“A Clear Voice in Europe”

Thursday, 9th August 2012

Offshore windfarms walking the plank to disaster

Addressing a major anti-wind turbine protest meeting in Girvan today, Scottish Conservative Euro MP Struan Stevenson hit back against the SNP Government’s offshore wind plans, calling them “ill-conceived and financially unsustainable as a coherent energy policy.”

Speaking at the meeting organised by Communities Against Turbines Scotland (CATS), the MEP urged participants to resist the industrialisation of Scotland’s seascape, describing the environmental and financial consequences incurred by the development of offshore wind projects as “walking the plank to disaster” by placing local industry at risk whilst making a negligible impact on emissions targets.

Speaking at Girvan Academy, Stevenson said:

“If the SNP Government gets its way, offshore turbines will be inescapable. The government has already identified 15 areas where vast offshore arrays could be constructed, threatening virtually to enclose and surround the entire country with massive wind projects from Berwickshire up the East coast to Shetland and back down the West coast to the Solway.

“The renewables division of Scottish and Southern Energy already has been given the green light by North Ayrshire Council to take the first steps towards building a vast offshore windfarm in the Firth of Clyde between the Ayrshire coast and Ailsa Craig that would ruin forever this world renowned seascape. This would have a devastating impact on the communities who have relied for generations on fishing and tourism in this area.”

He continued:

“An estimated 55% of carbon in the atmosphere that becomes bound or 'sequestered' in natural systems is cycled into the seas and oceans and stored in seagrass meadows and kelp forests, so-called ‘blue carbon’ vegetation, in waters up to 20 metres deep, most of which in Europe are to be found around Scotland’s coasts. Destroying these precious ecosystems to build massive offshore turbines or wave and tidal systems will simply release millions of tonnes of stored CO2 into the atmosphere.

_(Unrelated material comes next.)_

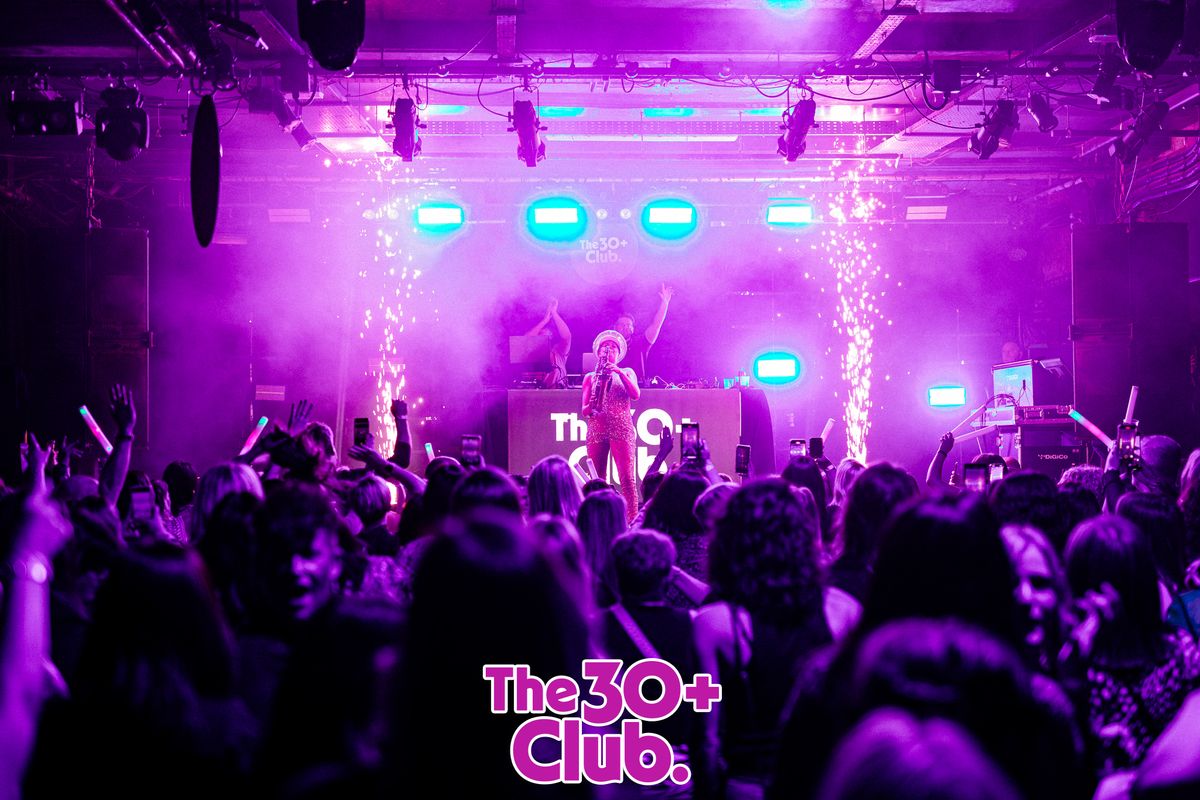 The 30+ Club - Daytime Clubbing for Over 30s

“The Scottish government has already demonstrated their ignorance in this respect through their cavalier attitude to building onshore windfarms on peatland – another of nature’s natural carbon capture and storage mechanisms. Now they intend to lay waste to our blue carbon ecosystems while telling the public that they are pursuing a green agenda.”

Stevenson concluded:

“Wind power is intermittent, inefficient and catastrophic for marine mammals, seabirds and fish. Nonetheless, wind power’s huge cost is being subsidised directly by Scottish electricity consumers.

“With 900,000 Scottish households in fuel poverty and businesses and industry on the brink because of spiralling fuel costs, this mad policy cannot be allowed to continue.”